A mnie wszyscy przezywają
i od wieków powiadają:
Kwiecień - Plecień, co przeplata
trochę zimy, trochę lata.
Choć nie lubię tego, trudno -
przynajmniej nie jest wam nudno.
Moje imię krótkie - Maj.
Świeci słońce, szumi gaj.
Kwitną kwiaty, ptaszek śpiewa,
cudnie się zielenią drzewa.
Jestem Czerwiec - miesiąc dzieci.
W dniu ich święta słońce świeci.
Dla nich radość i truskawki.
W szkołach pustoszeją ławki.
A dlaczego?
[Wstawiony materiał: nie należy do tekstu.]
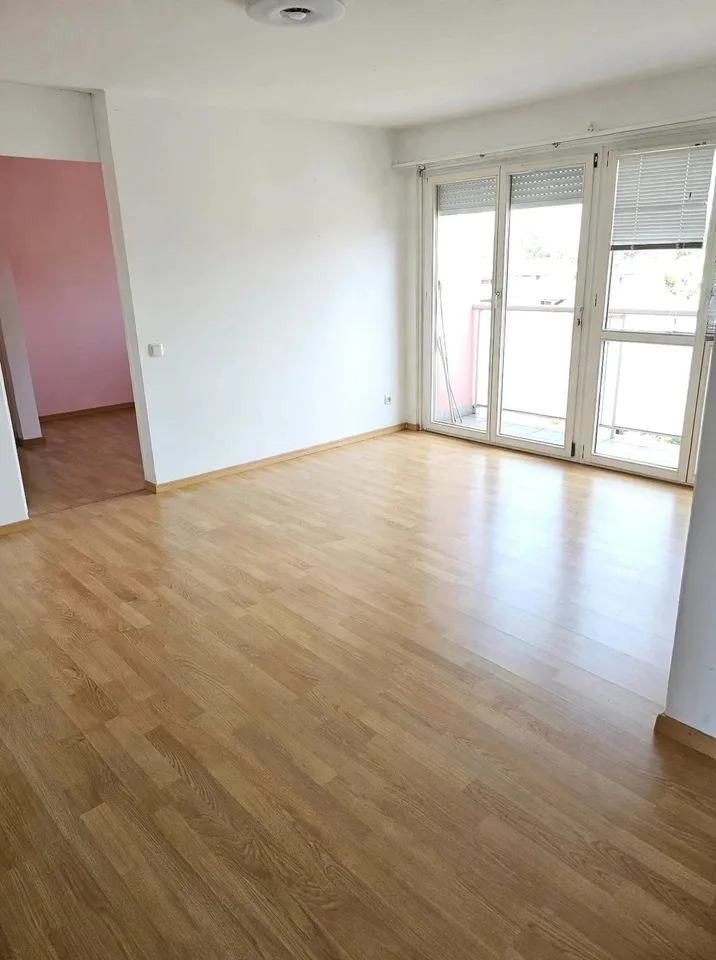 Schönne Wohnung 4 1/2 Zimmer Sucht Neuen Mieter
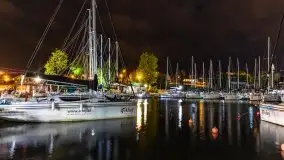 Port AZS Wilkasy skąpany w ciemnościach nocy - zdjęcie 7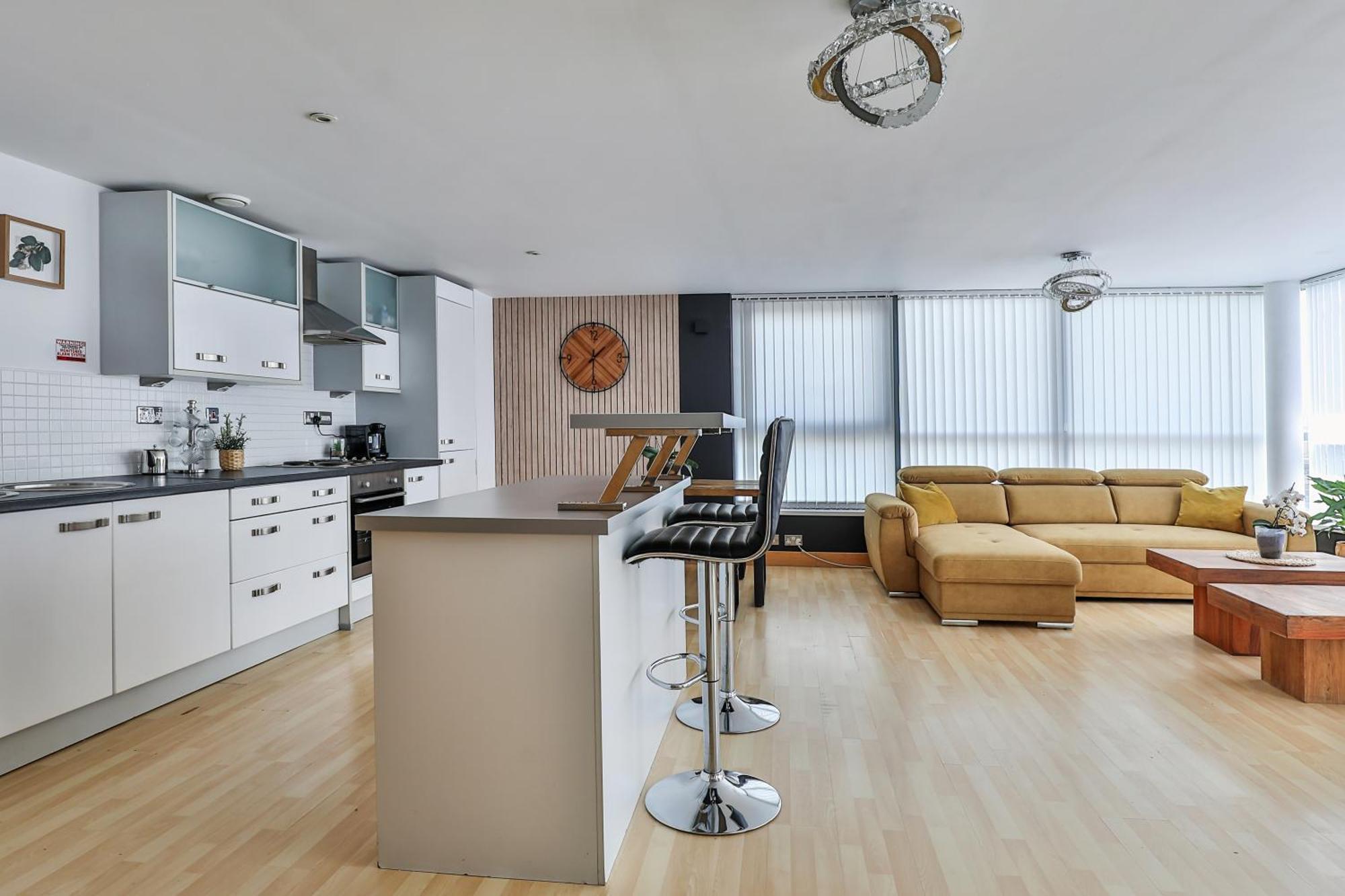 Large Central Penthouse In Leeds リーズ エクステリア 写真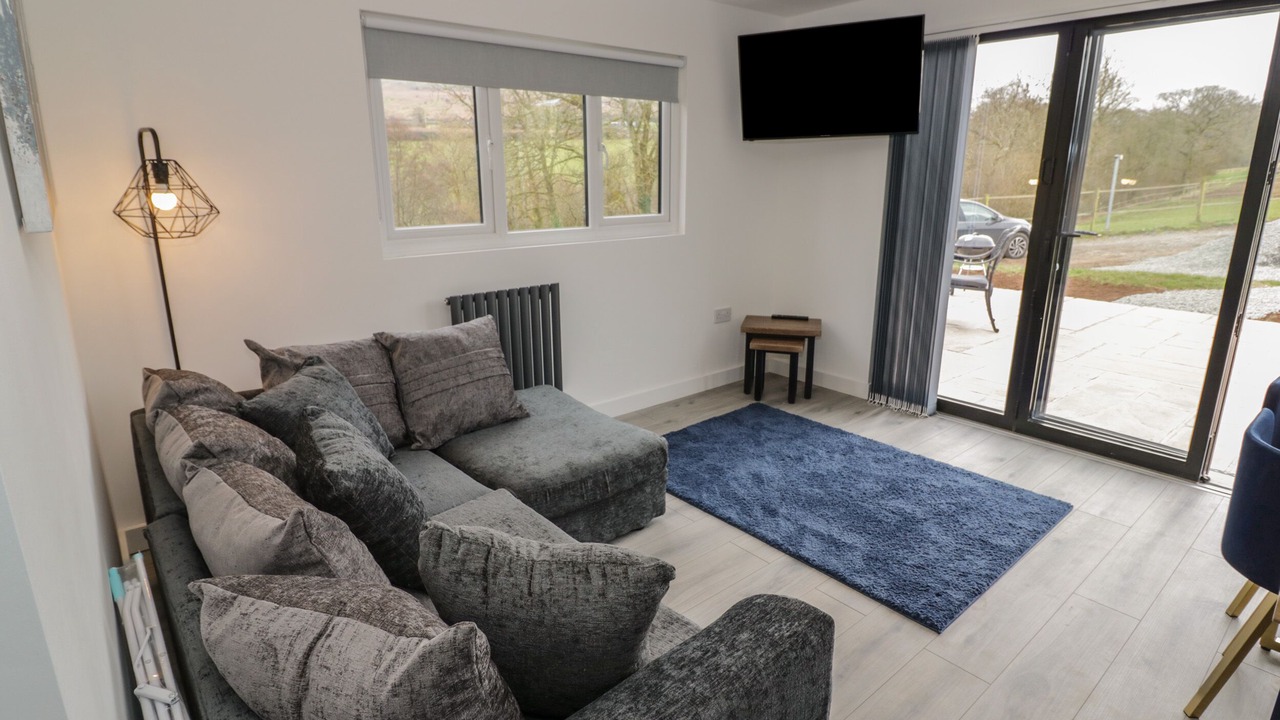 Photo of Livingroom in Kidderminster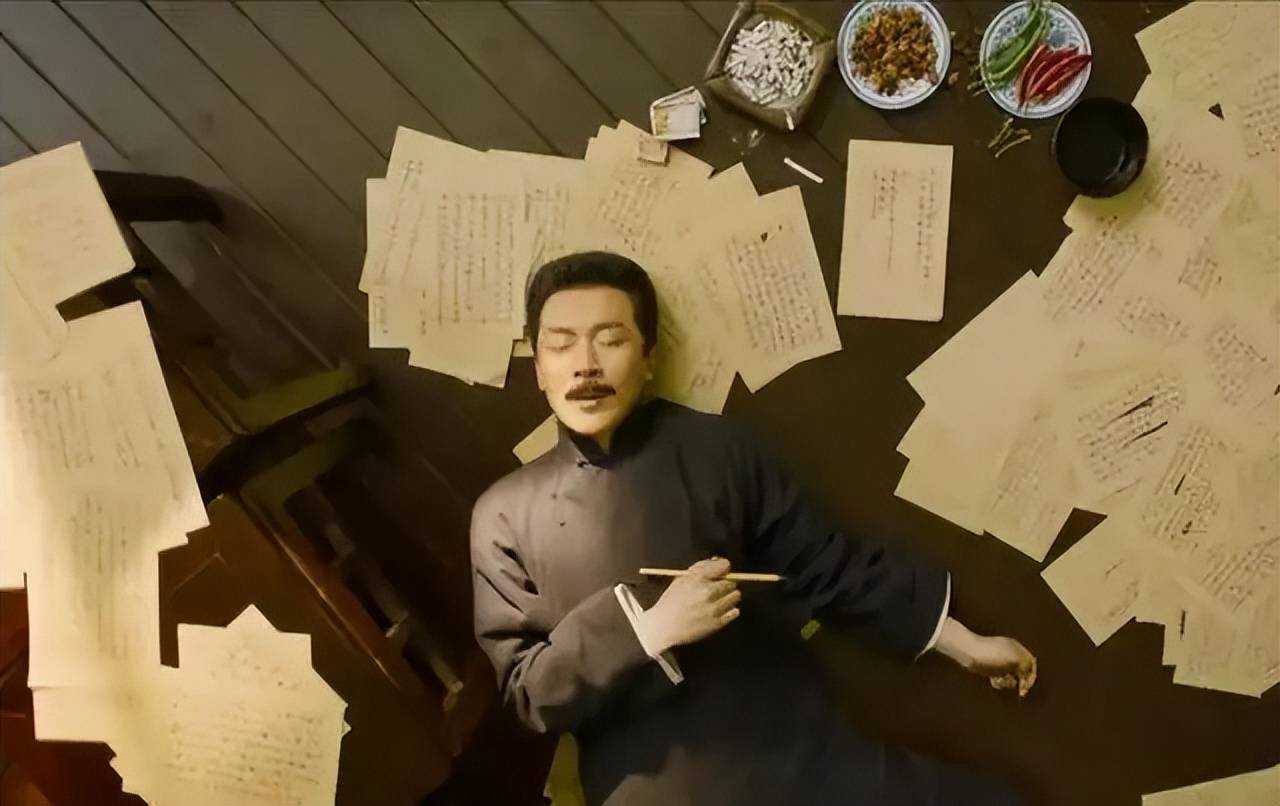 再读鲁迅的《药》:鲁迅的悲哀,专制统治与民众的麻木和奴性意识_华老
Macie racje -
zaczynają się wakacje!
Lipiec - tak na imię mam.
I w prezencie daję Wam
słońce, ciepło, morza szum.
Tłum na plażach, w górach tłum.
Tutaj skały, tam muszelki.
I owoców wybór wielki.
Jestem Sierpień - ciepły, miły.
Pola zbożem obrodziły.
Kombajn ścina złote kłosy,
a na łąkach sianokosy.
Jestem Wrzesień. Głośno wołam,
że się już zaczyna szkoła.
Szykuj książki i zeszyty,
dużo jest radości przy tym.
Jeszcze więcej - wiecie sami -
przy spotkaniu z kolegami.
Złotą jesień Wam przynoszę,
choć czasami i kalosze
się przydają. Cóż, tak bywa.
Ja Październik się nazywam.
Coraz zimniej jest na dworze.
Słońce grzać Was już nie może.
Z drzew wszelaki liść już opadł.
Stąd me imię to - Listopad.
Jestem Grudzień - wyjątkowy.
Miesiąc śnieżny i zimowy.
Ze mną rok stary kończy panowanie.
I w Sylwestra mu szykuję huczne pożegnanie.